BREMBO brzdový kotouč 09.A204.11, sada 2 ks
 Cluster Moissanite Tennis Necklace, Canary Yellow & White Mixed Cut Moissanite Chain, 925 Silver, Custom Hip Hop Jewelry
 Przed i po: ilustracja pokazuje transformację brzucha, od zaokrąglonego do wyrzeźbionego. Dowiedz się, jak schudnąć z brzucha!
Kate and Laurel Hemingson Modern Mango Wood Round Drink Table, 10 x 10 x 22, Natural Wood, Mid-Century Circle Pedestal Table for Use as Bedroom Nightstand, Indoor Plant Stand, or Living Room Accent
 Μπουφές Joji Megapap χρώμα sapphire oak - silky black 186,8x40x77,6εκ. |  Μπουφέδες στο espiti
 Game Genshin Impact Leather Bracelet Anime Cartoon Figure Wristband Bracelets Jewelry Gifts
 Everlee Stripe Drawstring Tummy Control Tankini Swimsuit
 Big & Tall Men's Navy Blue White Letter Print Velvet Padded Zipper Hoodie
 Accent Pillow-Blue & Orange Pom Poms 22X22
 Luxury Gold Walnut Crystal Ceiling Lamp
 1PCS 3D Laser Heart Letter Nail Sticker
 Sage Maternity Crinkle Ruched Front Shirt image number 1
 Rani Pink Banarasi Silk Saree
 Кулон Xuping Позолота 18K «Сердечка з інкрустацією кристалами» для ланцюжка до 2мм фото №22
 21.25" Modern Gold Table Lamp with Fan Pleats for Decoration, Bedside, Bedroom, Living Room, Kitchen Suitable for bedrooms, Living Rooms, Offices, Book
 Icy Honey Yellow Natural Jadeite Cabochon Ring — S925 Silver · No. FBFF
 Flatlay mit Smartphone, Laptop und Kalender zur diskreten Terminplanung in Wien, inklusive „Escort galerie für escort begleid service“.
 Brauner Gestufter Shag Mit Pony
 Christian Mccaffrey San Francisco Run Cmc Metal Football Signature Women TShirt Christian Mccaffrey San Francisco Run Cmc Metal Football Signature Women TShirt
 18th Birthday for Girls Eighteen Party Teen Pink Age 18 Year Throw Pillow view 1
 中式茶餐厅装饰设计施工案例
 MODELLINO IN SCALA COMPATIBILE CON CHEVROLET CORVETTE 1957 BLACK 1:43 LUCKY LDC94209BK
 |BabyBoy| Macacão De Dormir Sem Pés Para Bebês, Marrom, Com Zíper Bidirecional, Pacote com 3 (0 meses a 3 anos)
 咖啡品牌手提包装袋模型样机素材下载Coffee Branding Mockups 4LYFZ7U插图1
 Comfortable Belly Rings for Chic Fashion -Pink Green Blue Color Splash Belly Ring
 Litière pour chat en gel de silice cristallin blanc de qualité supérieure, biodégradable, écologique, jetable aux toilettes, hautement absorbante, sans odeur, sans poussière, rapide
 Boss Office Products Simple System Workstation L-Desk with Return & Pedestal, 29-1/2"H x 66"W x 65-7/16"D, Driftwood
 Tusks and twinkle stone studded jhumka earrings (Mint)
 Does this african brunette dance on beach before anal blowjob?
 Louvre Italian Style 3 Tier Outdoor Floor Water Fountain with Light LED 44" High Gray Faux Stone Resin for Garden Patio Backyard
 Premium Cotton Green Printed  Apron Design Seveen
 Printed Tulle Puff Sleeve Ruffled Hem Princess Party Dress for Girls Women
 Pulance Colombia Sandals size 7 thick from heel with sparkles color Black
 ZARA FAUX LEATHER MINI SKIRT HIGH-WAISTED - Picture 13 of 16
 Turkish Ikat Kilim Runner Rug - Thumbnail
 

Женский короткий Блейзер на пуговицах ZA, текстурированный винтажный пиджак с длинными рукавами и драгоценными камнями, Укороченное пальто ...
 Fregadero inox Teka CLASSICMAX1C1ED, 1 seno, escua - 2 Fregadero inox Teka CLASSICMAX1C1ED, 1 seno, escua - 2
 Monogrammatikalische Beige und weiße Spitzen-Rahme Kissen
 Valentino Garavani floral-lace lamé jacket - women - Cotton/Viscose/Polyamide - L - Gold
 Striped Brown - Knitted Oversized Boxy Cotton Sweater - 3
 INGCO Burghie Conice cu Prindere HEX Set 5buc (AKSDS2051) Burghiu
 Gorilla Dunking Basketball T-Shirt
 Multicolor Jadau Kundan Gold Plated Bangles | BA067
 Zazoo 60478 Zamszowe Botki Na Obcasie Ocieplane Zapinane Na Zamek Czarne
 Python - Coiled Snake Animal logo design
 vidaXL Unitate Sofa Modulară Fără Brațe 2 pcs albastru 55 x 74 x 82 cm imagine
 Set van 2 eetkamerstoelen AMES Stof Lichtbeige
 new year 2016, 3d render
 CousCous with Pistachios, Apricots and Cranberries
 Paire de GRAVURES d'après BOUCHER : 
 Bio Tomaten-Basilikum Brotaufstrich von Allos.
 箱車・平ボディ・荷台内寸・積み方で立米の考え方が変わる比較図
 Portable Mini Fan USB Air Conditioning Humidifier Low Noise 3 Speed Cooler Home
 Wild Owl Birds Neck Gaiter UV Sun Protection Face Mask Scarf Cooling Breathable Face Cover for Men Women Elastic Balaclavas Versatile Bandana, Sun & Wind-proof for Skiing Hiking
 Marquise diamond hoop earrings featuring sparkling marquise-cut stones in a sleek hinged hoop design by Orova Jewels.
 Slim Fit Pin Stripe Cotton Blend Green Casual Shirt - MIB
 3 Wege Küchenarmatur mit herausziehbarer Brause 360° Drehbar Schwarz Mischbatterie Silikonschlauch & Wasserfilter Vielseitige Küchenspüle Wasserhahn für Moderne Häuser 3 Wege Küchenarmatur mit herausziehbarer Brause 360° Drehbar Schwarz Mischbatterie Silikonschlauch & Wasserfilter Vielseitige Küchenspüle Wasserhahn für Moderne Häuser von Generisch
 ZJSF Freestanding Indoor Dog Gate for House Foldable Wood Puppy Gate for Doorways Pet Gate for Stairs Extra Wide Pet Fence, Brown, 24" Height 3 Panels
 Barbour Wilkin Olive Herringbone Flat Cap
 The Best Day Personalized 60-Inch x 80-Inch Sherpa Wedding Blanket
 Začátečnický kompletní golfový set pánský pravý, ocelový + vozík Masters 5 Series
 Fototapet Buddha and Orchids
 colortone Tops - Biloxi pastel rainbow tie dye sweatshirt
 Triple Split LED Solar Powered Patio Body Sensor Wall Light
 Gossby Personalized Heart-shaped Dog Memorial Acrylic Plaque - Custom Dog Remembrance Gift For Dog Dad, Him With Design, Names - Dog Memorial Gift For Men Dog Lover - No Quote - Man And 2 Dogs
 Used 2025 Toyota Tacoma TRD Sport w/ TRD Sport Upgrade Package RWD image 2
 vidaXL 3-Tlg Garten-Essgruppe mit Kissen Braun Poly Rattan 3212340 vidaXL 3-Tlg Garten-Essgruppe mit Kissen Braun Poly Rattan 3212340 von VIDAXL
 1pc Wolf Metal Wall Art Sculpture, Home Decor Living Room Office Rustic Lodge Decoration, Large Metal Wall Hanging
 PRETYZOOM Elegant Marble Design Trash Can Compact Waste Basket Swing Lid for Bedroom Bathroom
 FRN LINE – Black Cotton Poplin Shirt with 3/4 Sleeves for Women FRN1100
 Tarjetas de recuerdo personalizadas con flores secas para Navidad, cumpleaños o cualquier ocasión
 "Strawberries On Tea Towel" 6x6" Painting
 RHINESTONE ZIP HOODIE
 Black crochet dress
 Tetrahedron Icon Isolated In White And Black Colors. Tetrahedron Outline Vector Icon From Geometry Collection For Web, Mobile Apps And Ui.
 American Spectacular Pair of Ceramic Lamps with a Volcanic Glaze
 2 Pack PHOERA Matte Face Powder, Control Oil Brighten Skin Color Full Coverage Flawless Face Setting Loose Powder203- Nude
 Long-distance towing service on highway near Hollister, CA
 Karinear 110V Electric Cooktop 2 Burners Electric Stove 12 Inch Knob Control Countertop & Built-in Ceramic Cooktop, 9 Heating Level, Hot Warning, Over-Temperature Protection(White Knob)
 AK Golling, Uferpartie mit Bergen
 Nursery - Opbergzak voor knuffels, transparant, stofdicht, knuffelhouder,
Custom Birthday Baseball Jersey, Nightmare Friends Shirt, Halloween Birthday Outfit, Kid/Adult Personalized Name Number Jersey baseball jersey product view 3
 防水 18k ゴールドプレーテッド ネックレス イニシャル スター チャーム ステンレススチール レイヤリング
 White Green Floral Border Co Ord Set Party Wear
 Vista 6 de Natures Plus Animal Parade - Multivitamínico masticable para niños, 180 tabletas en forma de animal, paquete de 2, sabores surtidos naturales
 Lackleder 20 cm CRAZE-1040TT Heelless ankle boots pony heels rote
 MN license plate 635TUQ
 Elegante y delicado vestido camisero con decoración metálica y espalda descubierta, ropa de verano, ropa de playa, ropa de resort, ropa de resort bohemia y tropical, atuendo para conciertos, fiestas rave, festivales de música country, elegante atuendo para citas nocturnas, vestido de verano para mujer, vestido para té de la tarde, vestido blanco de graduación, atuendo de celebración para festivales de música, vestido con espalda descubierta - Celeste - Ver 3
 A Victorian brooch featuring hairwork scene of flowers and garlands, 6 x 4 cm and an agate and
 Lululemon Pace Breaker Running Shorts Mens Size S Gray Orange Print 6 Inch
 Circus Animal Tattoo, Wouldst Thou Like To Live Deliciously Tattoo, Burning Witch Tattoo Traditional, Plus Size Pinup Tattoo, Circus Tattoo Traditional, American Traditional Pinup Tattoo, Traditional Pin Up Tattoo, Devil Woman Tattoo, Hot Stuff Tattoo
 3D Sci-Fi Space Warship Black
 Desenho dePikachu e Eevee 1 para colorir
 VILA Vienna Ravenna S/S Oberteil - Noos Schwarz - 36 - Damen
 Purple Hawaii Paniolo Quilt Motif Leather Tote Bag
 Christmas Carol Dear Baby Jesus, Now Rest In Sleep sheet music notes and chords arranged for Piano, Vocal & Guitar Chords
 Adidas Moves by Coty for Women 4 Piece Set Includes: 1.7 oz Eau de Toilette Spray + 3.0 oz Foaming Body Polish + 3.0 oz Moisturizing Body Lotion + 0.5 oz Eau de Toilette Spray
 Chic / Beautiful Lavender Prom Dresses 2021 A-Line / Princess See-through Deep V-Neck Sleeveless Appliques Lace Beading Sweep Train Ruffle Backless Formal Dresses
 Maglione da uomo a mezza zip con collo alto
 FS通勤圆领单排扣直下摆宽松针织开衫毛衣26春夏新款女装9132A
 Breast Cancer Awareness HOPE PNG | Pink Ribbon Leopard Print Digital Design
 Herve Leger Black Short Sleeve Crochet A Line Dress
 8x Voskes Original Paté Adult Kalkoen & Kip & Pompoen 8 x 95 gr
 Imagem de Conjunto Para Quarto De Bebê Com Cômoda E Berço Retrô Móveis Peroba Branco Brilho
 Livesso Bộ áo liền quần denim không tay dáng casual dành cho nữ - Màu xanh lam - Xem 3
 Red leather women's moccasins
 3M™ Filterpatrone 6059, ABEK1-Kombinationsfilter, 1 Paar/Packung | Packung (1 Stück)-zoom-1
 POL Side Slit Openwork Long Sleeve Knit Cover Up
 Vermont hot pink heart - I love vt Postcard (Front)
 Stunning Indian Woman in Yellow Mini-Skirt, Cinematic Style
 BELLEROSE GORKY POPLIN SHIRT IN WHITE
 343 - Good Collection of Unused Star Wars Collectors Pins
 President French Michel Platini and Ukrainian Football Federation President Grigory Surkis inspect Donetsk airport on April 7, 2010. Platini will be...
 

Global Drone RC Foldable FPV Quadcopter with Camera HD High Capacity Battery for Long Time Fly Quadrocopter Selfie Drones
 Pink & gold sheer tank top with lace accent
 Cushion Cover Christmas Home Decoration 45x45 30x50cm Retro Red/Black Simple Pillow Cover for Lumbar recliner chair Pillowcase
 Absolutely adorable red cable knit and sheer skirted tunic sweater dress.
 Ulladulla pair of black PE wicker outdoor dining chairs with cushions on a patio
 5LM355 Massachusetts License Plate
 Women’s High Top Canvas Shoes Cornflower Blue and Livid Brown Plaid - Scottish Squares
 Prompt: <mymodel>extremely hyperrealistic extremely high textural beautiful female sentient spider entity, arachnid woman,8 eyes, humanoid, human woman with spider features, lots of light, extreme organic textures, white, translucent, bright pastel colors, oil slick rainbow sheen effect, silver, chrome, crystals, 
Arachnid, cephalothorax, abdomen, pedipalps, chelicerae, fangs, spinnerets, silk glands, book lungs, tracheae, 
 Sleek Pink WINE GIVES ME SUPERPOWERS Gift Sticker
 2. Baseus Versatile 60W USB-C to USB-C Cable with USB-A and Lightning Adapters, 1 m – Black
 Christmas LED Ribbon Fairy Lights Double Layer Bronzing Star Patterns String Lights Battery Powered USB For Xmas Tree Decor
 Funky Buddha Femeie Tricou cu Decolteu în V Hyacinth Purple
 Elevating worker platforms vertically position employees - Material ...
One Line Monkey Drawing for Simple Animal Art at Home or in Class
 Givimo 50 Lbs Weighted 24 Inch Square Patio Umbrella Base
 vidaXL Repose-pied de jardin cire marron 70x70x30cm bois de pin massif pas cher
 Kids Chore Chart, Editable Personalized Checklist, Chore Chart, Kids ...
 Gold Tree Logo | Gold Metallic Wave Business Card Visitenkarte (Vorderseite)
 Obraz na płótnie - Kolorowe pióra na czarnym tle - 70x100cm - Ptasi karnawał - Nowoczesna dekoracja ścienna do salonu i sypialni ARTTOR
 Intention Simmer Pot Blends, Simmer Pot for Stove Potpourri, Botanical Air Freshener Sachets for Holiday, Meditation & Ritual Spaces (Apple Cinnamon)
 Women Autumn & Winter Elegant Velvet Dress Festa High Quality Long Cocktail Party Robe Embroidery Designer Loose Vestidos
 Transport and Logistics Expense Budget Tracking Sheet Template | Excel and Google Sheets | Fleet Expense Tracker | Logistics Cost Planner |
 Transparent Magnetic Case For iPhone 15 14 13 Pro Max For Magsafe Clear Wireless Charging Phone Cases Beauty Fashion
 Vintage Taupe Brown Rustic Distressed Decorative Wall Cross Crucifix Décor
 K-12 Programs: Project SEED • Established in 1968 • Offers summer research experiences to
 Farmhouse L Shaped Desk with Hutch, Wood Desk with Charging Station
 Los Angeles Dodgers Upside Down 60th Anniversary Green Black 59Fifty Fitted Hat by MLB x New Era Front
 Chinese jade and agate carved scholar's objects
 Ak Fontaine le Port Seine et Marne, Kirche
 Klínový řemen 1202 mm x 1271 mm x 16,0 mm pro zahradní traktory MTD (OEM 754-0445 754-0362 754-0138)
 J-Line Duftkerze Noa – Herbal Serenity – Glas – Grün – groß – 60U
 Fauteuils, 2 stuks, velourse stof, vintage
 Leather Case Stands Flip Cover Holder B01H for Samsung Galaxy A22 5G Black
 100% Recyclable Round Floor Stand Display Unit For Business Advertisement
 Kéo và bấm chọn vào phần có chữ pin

## WORK REQUIRED
Which lines run from the one containing "100% Recyclable Round" through the end of the material? Output exactly those lines and no others.

## RESULT OF THIS EXERCISE
 100% Recyclable Round Floor Stand Display Unit For Business Advertisement
 Kéo và bấm chọn vào phần có chữ pin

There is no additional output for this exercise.